For the data below, restate word for word only the lines from the line containing "50th Birthday Rustic" through the line containing "여성용 스위트 보타이", both ends included.

### SOURCE INFORMATION

==============================

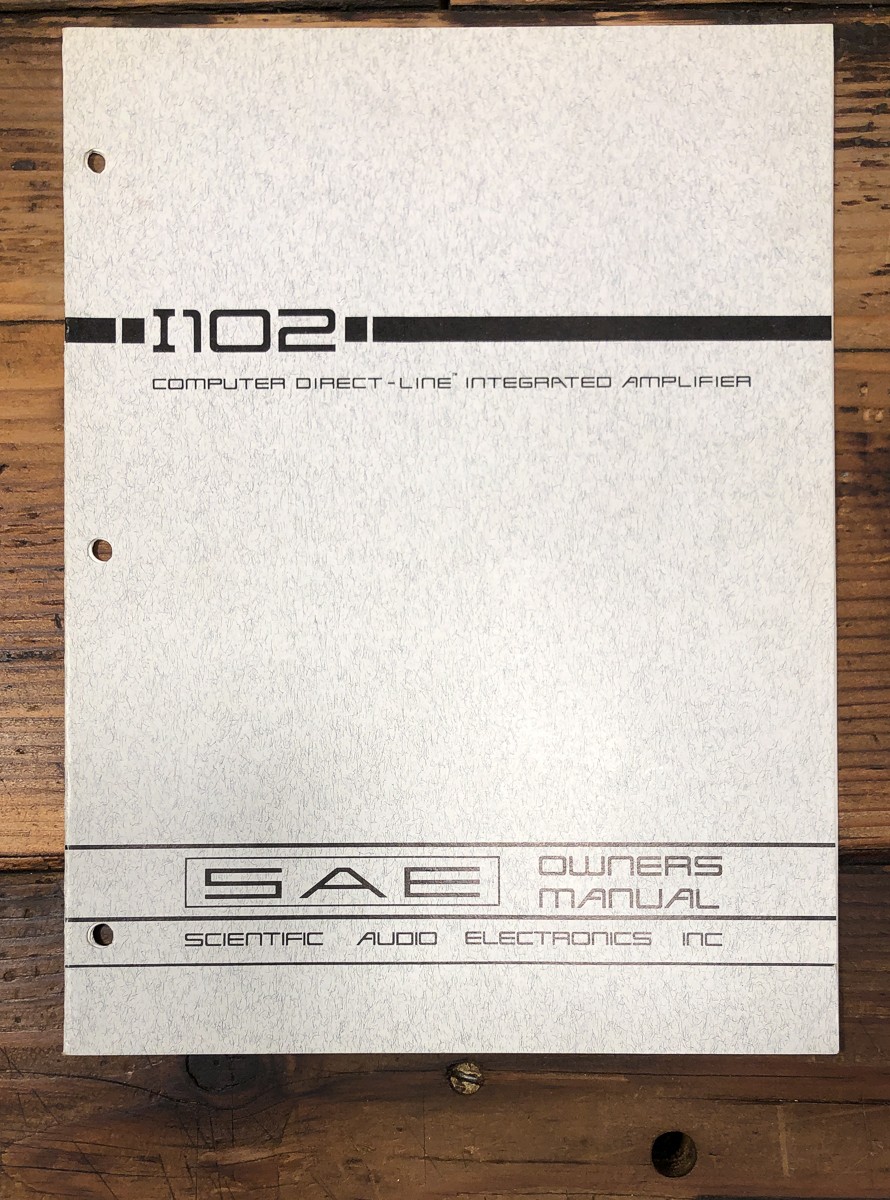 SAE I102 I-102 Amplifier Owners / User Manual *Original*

==============================

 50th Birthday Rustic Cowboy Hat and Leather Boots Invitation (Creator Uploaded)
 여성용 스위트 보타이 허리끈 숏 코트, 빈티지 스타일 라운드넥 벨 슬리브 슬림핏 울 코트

==============================

### SOLUTION FOR THIS EXERCISE
 50th Birthday Rustic Cowboy Hat and Leather Boots Invitation (Creator Uploaded)
 여성용 스위트 보타이 허리끈 숏 코트, 빈티지 스타일 라운드넥 벨 슬리브 슬림핏 울 코트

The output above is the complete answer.